Collection 6 the summe.., p.23
Collection 6 - The Summer of '65,
p.23
The danger was real. Waverly saw a world poised on the knife edge of nuclear war, on one side a young country, ruled by a younger leader, blinded by the optimism such inexperience feeds. Against them, an ancient country, ruled by corruption, treachery and pessimism. With U.N.C.L.E. perched anxiously to one side, trying to maintain the balance of power. The balance of peace.
Sometimes the things one was called to do in the pursuit of peace were less than noble.
Waverly went back to the report and studied it again. He didn't like the implications, either for world peace, or for his agency, if U.N.C.L.E. were forced to step in and intervene.
A difficult decision, this. Not one he could make lightly. If U.N.C.L.E. did act and it's actions were discovered, he might have struck a blow for world peace at the cost of his agency. On the other hand, if he let this prospect for nuclear proliferation go unchecked, both U.N.C.L.E. and the world as he knew it might cease to exist.
He would have to move carefully, to ensure he achieved his aims without compromising the effectiveness of his organization.
And the time was, as usual, limited. The report had been in yesterday afternoon's courier packet. The crisis was now several days old. He might be required to act at any time and he needed more current information.
After a moment's pause, he picked up the phone.
Then he absently reached for his pipe again. Belatedly remembering his promise, he swore a soft oath.
Then he struck the match.
By the time the call went through, he had the pipe drawing well.
***
U.N.C.L.E. Safe House Complex
Washington D.C.
The night was sultry, the humid air pressing down on the heated earth, the stars shining only dimly through the surrounding haze. The atmosphere might have been oppressive, but Norman Graham, chief administrator for Washington, D.C. U.N.C.L.E. was in another environment entirely, swimming in his outdoor pool at least a foot below the oven-like air.
Trish Graham stood in the light spilling out from the open doorway, waiting for her husband's head to rise above the water. After a few moments of batting at the moths flying around her, she closed the french doors and crossed to the end of the pool.
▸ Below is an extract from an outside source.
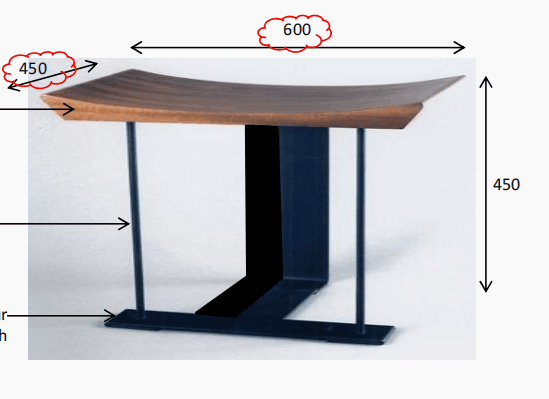Coffee table-60*45*45cm-GRV 104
The fact that she was keeping the head of U.N.C.L.E. North America waiting didn't concern her. One of the few people who wasn't unduly impressed with Waverly, she felt a few moments spent cooling his heels would do the man nothing but good.
Norm approached her, swimming soundlessly toward the floodlights and as he reached out to push himself into a turn she crouched down and touched him lightly on the shoulder.
And suffered through an explosion of water.
After turning a complete, although inadvertent, somersault in the water, Norm stood up, shaking drops of water from his hair and sending them flying, like sparkling diamonds, through the air.
"Goodness, Norm. Was that really necessary?" Trish rose, swatting ineffectually at the soaked linen of her skirt.
"No," Norm lowered his arms and relaxed from his defensive stance, pushing his soaked bangs out of his eyes. "How often do I have to prove this, honey. Never sneak up —"
"On an enforcement agent. Yes, darling, I know. And when I forget, you prove it to me all over again. I'm sorry I startled you."
"Likewise," Norm grinned. "But I'm not sorry for the company. Kids asleep? You could join me. And since I soaked you anyway—"
Trish backed away from his wet hand. "No, thank you."
"A spot of skinny dipping? A moonlight swim?" Norm grinned mischievously and advanced on her through the water, putting wet fingertips on the tiles at the edge of the pool, preparing to hoist himself up.
"Alexander is on the telephone," Trish said, backing away to a safe distance.
"Oh, damn," Norm lost the smile. "Are you sure he has the right number? The one for the White House is only a few digits off."
"He wants you, darling," Trish said sweetly, "his ex-enforcement agent. The one always ready for action."
"Not this kind of action," Norm grumbled, grabbing a towel from a lounge chair and heading toward the house. "I had in mind a completely different kind of action."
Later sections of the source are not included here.